Excerpted records
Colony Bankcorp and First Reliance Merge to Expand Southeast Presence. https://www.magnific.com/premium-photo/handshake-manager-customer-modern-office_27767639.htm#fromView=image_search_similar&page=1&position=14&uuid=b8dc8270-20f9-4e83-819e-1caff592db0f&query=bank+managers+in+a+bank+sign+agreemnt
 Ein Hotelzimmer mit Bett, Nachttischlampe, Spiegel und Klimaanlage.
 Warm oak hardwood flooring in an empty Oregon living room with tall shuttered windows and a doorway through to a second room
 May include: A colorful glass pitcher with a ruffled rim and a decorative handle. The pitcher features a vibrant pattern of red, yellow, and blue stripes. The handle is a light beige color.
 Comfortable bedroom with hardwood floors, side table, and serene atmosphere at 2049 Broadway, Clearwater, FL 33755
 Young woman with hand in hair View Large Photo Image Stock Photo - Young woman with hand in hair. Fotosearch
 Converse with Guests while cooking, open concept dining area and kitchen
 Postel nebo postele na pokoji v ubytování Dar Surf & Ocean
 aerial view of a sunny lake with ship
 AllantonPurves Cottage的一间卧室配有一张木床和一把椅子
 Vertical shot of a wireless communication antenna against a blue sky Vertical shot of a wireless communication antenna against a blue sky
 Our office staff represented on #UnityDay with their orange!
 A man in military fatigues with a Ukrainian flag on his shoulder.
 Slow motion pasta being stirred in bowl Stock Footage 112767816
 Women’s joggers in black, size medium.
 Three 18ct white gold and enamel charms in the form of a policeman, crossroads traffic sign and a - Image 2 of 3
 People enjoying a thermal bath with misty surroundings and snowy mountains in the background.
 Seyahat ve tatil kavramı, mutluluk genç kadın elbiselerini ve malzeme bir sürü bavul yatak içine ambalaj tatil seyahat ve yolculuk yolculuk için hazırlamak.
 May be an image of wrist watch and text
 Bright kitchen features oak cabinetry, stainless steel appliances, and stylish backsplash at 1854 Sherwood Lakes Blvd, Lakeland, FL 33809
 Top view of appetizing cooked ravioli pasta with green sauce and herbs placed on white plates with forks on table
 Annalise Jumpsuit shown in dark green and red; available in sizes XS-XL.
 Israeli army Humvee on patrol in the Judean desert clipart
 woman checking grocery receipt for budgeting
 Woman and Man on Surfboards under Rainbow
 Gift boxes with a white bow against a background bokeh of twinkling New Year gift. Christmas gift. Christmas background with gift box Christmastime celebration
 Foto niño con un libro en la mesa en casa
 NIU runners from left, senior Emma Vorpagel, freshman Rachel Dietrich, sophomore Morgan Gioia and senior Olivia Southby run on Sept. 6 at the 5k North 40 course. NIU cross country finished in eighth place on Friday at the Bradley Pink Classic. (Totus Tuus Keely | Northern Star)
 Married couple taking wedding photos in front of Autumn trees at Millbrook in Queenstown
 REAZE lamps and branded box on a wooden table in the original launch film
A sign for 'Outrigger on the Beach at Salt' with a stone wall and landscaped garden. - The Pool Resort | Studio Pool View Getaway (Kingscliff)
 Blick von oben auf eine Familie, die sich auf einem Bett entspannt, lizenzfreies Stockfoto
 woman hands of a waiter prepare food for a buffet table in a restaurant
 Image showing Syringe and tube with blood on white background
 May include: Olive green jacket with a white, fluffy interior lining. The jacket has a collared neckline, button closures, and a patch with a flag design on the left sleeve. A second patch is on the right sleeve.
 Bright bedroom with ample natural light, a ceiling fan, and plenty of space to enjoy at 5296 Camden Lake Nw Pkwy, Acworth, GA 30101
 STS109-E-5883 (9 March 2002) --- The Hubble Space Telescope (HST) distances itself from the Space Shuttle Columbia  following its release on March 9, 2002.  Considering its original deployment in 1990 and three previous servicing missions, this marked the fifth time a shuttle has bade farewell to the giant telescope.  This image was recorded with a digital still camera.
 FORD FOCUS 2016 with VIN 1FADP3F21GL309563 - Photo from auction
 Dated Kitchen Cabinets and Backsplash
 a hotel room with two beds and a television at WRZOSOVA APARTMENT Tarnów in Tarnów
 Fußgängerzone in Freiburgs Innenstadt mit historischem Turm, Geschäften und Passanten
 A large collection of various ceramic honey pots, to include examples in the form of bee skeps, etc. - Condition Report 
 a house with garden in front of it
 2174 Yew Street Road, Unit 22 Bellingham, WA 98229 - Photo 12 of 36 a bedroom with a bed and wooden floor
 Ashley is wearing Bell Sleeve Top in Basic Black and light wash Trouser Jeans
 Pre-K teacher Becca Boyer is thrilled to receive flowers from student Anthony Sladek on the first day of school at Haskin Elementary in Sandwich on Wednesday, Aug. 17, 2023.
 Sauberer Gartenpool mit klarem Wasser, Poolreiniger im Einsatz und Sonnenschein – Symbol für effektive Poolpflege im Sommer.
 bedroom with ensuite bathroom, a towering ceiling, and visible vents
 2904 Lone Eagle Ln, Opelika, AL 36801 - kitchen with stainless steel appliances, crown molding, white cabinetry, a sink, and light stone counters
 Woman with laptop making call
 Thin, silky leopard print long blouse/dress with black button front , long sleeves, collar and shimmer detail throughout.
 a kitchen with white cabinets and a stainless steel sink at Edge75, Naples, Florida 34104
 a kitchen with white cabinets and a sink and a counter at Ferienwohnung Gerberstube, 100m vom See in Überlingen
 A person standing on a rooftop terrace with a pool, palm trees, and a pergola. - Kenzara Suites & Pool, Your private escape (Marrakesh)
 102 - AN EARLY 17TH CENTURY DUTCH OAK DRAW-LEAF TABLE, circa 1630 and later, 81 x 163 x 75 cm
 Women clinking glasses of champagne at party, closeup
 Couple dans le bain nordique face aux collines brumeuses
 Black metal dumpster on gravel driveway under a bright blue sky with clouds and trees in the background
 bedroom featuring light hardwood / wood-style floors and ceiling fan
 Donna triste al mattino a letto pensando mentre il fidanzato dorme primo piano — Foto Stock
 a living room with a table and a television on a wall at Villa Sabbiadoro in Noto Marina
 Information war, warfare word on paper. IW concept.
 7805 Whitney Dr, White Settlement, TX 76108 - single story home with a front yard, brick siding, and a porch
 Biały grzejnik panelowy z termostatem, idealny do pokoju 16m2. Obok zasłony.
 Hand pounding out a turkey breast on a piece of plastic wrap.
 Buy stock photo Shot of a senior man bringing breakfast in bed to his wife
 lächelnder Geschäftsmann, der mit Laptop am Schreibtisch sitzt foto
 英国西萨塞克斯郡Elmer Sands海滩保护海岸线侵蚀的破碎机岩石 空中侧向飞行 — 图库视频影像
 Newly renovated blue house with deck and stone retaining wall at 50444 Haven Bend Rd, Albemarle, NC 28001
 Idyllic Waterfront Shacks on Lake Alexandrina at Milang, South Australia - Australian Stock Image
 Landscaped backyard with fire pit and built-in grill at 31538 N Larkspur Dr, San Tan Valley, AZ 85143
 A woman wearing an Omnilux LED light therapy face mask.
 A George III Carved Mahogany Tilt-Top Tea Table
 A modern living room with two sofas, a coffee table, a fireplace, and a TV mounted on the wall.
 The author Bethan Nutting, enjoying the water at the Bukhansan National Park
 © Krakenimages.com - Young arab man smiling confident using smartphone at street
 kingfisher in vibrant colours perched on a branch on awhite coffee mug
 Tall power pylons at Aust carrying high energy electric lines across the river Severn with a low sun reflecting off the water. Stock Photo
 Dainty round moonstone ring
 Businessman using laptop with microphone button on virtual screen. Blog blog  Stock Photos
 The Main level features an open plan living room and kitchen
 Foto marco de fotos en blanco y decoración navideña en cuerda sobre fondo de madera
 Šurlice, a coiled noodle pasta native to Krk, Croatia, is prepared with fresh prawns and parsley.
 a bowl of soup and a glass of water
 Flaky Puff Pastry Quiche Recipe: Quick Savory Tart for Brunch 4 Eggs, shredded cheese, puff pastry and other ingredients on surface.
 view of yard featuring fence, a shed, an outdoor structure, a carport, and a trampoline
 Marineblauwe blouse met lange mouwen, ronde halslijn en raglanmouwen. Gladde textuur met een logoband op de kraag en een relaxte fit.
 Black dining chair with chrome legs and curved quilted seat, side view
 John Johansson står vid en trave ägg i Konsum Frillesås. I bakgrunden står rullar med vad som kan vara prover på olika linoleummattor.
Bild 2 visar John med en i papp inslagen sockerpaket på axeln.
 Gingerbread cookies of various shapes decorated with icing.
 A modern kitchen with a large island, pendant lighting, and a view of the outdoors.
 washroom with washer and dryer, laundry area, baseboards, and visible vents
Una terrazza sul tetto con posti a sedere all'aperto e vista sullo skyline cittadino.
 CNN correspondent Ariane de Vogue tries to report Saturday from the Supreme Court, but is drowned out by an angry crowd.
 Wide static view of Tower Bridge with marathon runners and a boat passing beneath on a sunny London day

Activity
Among the records above, repeat exactly the line with "Ein Hotelzimmer mit", the line with "Comfortable bedroom with", and every line in between, and only those.

Answer to the exercise
 Ein Hotelzimmer mit Bett, Nachttischlampe, Spiegel und Klimaanlage.
 Warm oak hardwood flooring in an empty Oregon living room with tall shuttered windows and a doorway through to a second room
 May include: A colorful glass pitcher with a ruffled rim and a decorative handle. The pitcher features a vibrant pattern of red, yellow, and blue stripes. The handle is a light beige color.
 Comfortable bedroom with hardwood floors, side table, and serene atmosphere at 2049 Broadway, Clearwater, FL 33755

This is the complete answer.